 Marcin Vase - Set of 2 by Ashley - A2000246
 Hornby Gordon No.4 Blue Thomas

============================================================

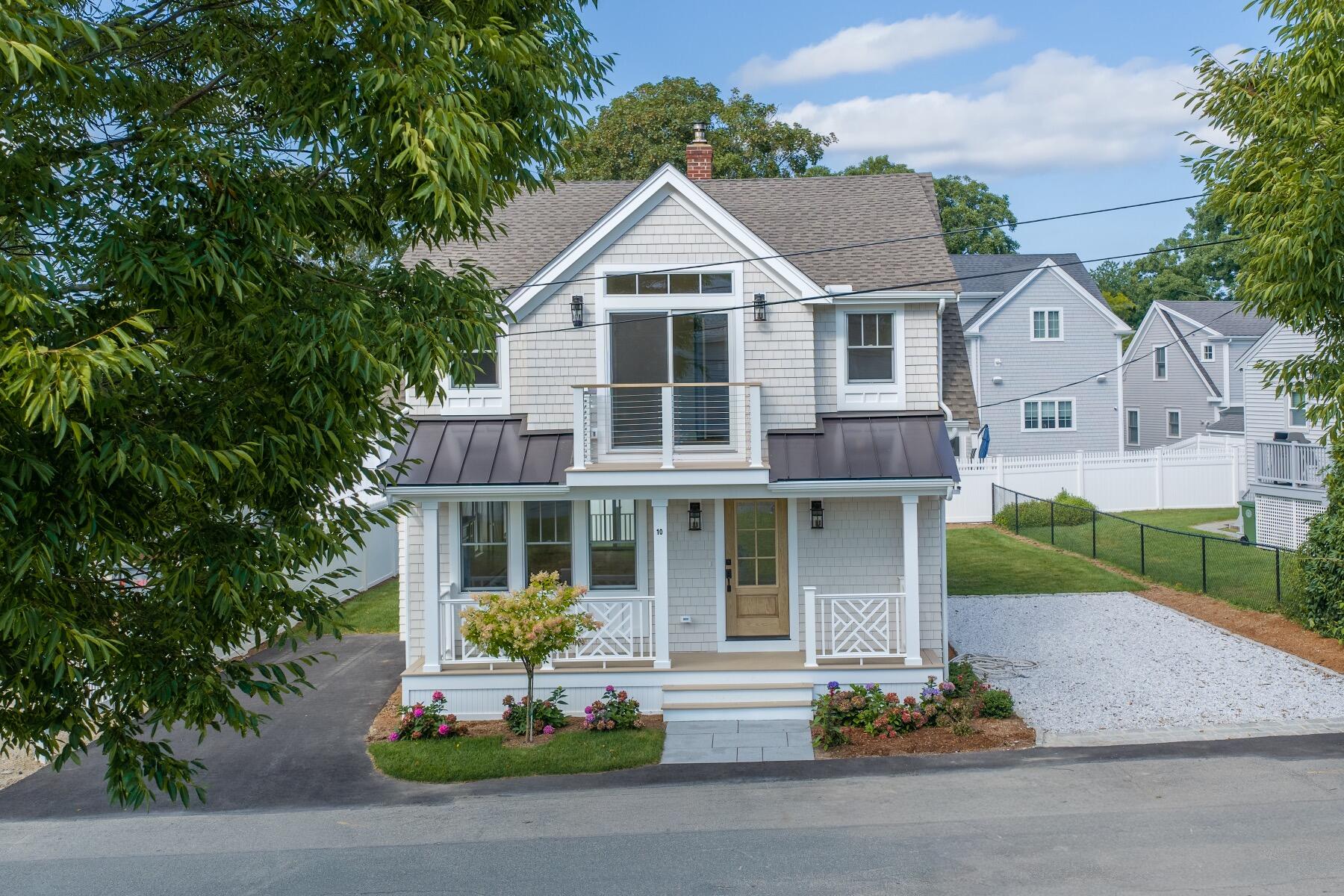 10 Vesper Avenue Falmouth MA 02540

============================================================

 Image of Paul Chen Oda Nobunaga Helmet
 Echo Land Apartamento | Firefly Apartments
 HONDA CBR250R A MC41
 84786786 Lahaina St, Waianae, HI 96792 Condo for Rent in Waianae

============================================================

_How to complete this task_
What do the lines above say from the one containing "HONDA CBR250R A MC41" down to the one containing "84786786 Lahaina St, Waianae, HI"? Return them exactly, both end lines included, and only them.

_Exercise solution_
 HONDA CBR250R A MC41
 84786786 Lahaina St, Waianae, HI 96792 Condo for Rent in Waianae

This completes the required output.